Why Did the Atlanta Braves Bring Up Tommy Hanson Now?

Dan WeinerCorrespondent IJune 4, 2009

KISSIMMEE, FL - MARCH 3:  Pitcher Tommy Hanson #73 of the Atlanta Braves throws during an exhibition game against Panama at Champion Stadium March 3, 2009 in Kissimmee, Florida.  (Photo by Sam Greenwood/Getty Images)

Of the many questions that have been asked during a whirlwind Wednesday that saw three significant roster moves, perhaps the most pertinent question is why did the Braves wait until now to bring up Tommy Hanson?

The franchise's number one prospect blew away the competition in the Arizona Fall League, in spring training and so far in AAA Gwinnett.  Many felt he was ready to start the season in the bigs, despite having never pitched above AA ball.

So why wait? Cole Hamels and James Shields provide some clarity.

Baseball players are eligible for salary arbitration after three years with one notable exception.  Baseball has a rule for players known as "Super Twos." Super Twos come from the group of players who have between two and three years service time and at least 86 days service time the previous year.

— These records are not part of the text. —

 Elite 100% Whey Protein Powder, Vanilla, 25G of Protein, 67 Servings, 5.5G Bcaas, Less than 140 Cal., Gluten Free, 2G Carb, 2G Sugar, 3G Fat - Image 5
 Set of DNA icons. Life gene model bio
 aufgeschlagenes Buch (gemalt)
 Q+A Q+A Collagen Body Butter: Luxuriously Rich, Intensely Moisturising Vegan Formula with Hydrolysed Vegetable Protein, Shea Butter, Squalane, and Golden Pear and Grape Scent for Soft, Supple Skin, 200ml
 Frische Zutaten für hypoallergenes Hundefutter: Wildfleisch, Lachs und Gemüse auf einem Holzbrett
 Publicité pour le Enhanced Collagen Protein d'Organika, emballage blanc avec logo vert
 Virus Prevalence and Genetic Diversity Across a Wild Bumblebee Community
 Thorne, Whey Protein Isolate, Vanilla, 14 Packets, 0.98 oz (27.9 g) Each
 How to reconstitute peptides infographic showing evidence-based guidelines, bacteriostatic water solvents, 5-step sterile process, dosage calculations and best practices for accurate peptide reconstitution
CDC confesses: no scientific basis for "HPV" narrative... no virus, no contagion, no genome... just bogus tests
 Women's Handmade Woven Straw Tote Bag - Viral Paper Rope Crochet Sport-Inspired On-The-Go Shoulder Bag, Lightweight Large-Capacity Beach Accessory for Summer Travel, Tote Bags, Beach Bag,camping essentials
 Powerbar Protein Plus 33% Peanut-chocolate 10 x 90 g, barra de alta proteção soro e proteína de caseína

The 17 percent of those players with the most service time become Super Twos.

No player has had less than two years, 130 days of Major League service time and been awarded Super Two status.  I know it's all confusing, so what does it mean and what does it have to do with Cole Hamels and James Shields?

Both players made their debuts in 2006.  In that time, Hamels has made 93 starts, Shields 96.  Hamels has a slight edge statistically speaking, but it's pretty even considering there is better offense in the American League and Hamels has played on a better team (in terms of wins and losses).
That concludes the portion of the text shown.